#### [Dataset excerpt]

━━━━━━━━

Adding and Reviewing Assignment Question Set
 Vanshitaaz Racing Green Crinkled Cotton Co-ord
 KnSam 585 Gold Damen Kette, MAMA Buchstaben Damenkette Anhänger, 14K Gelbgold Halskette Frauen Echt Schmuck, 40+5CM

━━━━━━━━

#### [Task to carry out]
Retype all of the material. Each line must match exactly.

#### [Answer below]
Adding and Reviewing Assignment Question Set
 Vanshitaaz Racing Green Crinkled Cotton Co-ord
 KnSam 585 Gold Damen Kette, MAMA Buchstaben Damenkette Anhänger, 14K Gelbgold Halskette Frauen Echt Schmuck, 40+5CM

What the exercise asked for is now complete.